How do these findings stack up against your own experiences? Are the project management issues in your organisation related to lack of tools, techniques and processes or are they concerned with poor leadership (by either the project manager or sponsor) and an insufficient ability to influence and engage the stakeholders and the team?
Depending on your assessment of the situation you will need to invest in a programme that addresses several of the above aspects. Traditional classroom training is a good way to train people in conventional project management disciplines such as planning, estimation and risk management, but less efficient when it comes to people skills and leadership. If a project manager is to become better at leading people, overcoming resistance to change, motivating the team and influencing senior stakeholders there is a need to work with deeply rooted behaviours. This is best done with small action-learning groups and one-to-one coaching sessions that allow the underlying attitudes and behaviours to surface.

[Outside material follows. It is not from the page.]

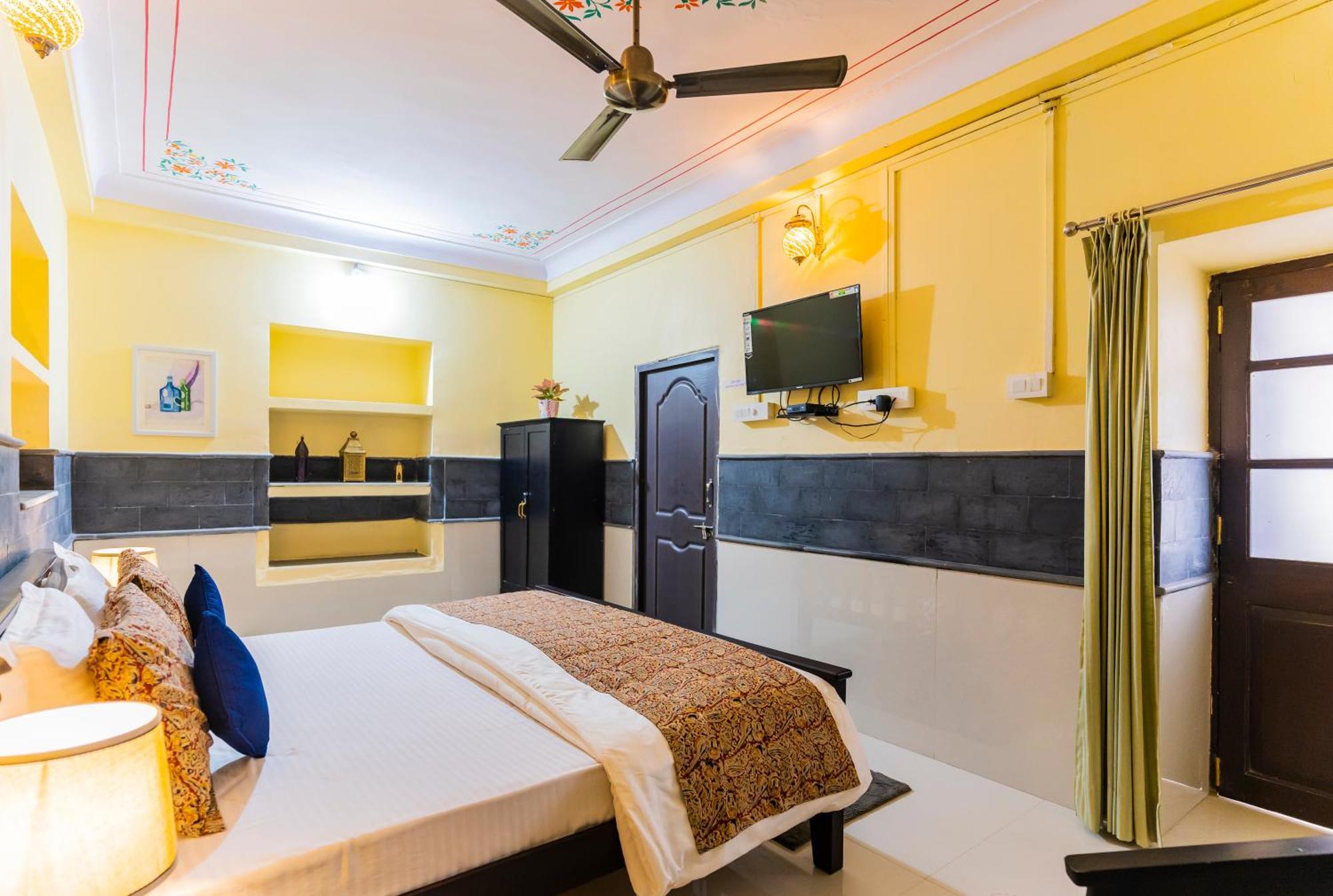 Kalyan Villa Homestay อุเดเปอร์ ภายนอก รูปภาพ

In addition, your organisation may need to train their senior managers, as project sponsors need to understand the importance of their roles and what good sponsorship looks like. If the sponsors aren’t investing sufficient time in the projects they are accountable for it will have a direct and negative effect on the outcomes.
I suggest that you develop a programme for your project managers and sponsors that contain the following elements:
Classroom training to improve your project managers’ competence around defining, scoping, planning, estimating, tracking and managing risks of projects. Go into as much depth as required, but remember that the techniques must be practical and user friendly if you want people to adopt them.

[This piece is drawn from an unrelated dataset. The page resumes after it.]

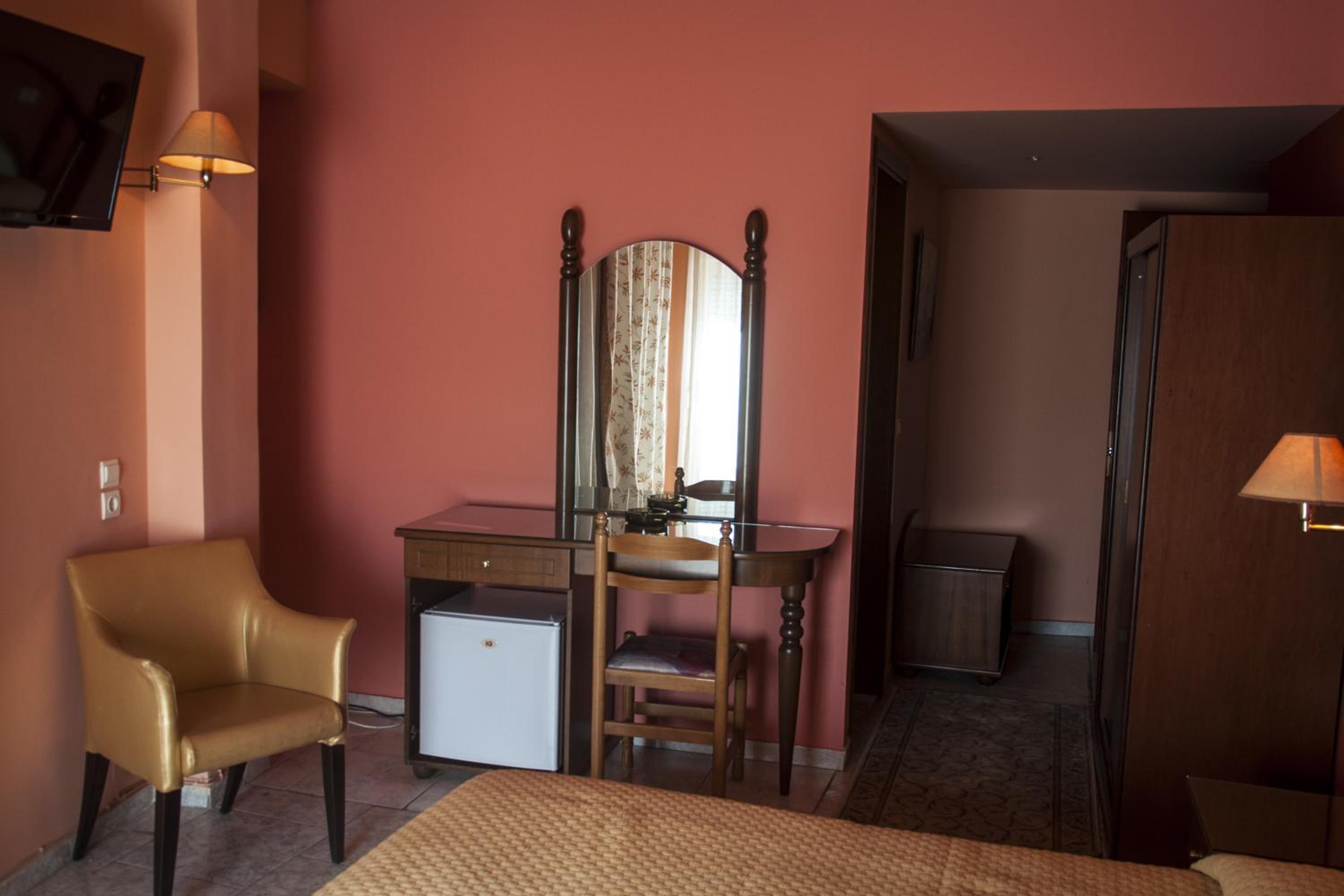 Double or Twin Room - Photo 7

Small group and one-to-one coaching to improve your project managers’ people skills and leadership behaviours. These sessions should be run by a trained coach and typically last for 60-90 minutes to allow for sufficient depth. It would be ideal to offer a monthly session to each project manager over a six to twelve months period.
Sponsor workshop to improve senior management’s understanding of what it means to be a sponsor and how they can best contribute to successful project delivery. Keep the workshop short (e.g. 3-4 hours) and focused on the specific behaviours and responsibilities of the executive sponsor’s role.
On-going mentoring for continued development and support from inside the organisation. Pair your project managers up with more senior managers from other departments and encourage them to meet on a monthly basis to learn from their mentors.
When you implement the pillars of this powerful development programme, you will find that your project manager’s abilities to lead successful projects increase – not least with the support and buy-in from senior decision-makers.